Entretanto, o Monaco precisou de uma parte para furar a defesa do Angers.
"Contra um bloco baixo, a palavra de ordem é paciência, a velocidade com que fazemos circular a bola, com que encontramos o homem livre", afirmou o treinador.
"Não foi fácil na primeira parte. Ao intervalo, tínhamos duas opções: mudar tudo ou ajustar dois, três pequenos detalhes. Foi isso que fizemos, a equipa foi recompensada", acrescentou.
Se "faltou precisão e ritmo" antes do intervalo, "na segunda parte, foi melhor, com Simon Adingra a ser decisivo". Quanto a Maghnès Akliouche, "em relação à sua lesão (anca), não arriscámos colocá-lo em campo de forma precipitada perante uma situação que podíamos controlar de outra forma", continuou Pocognoli.

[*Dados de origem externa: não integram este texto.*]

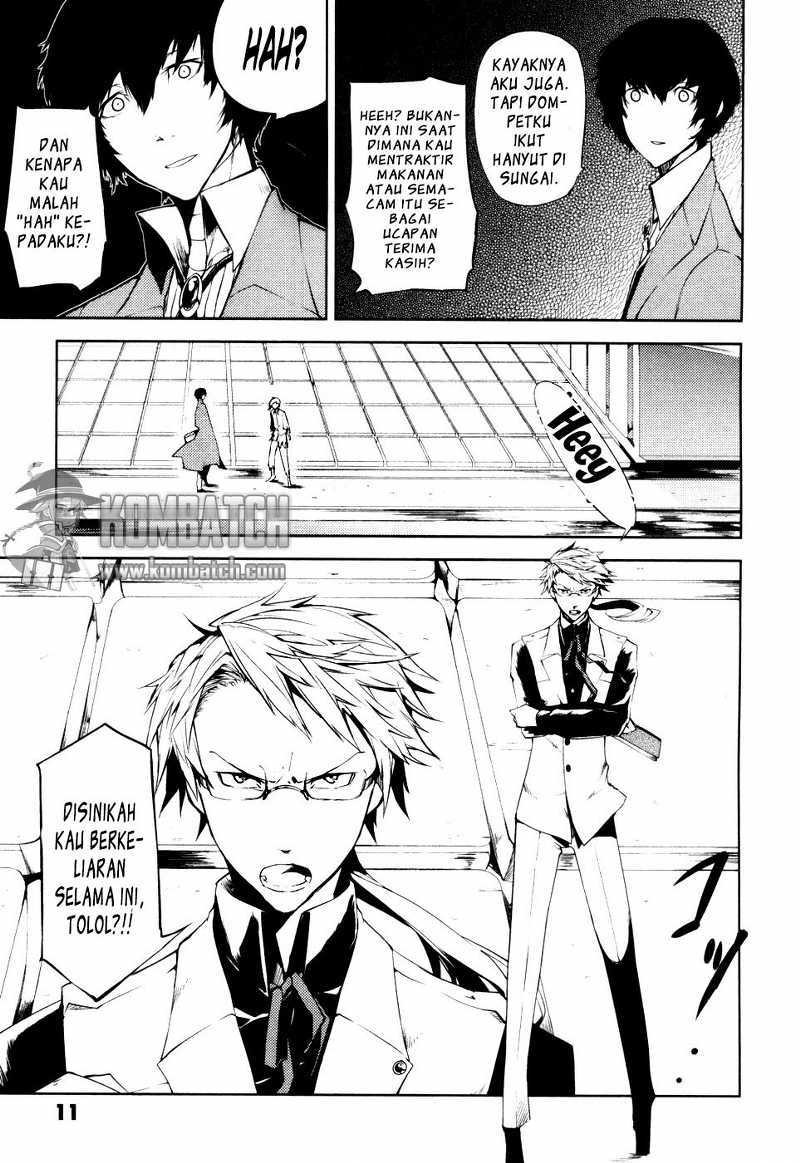 Bungou Stray Dogs Chapter 1 - halaman 10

"O objetivo é que esteja a 100% (em Paris). Acredito que vai estar", acrescentou o treinador do Monaco.
O treinador do Angers, Alexandre Dujeux, "não ficou desiludido com a atitude dos jogadores", mas lamentou "a falta de eficácia" da sua equipa.
"O meu trabalho é encontrar a melhor fórmula ofensiva. Envio mensagens ao grupo para dizer que está tudo em aberto. Estou de olhos bem abertos. Vamos trabalhar, apoiar-nos uns aos outros com humildade e seguir em frente", concluiu.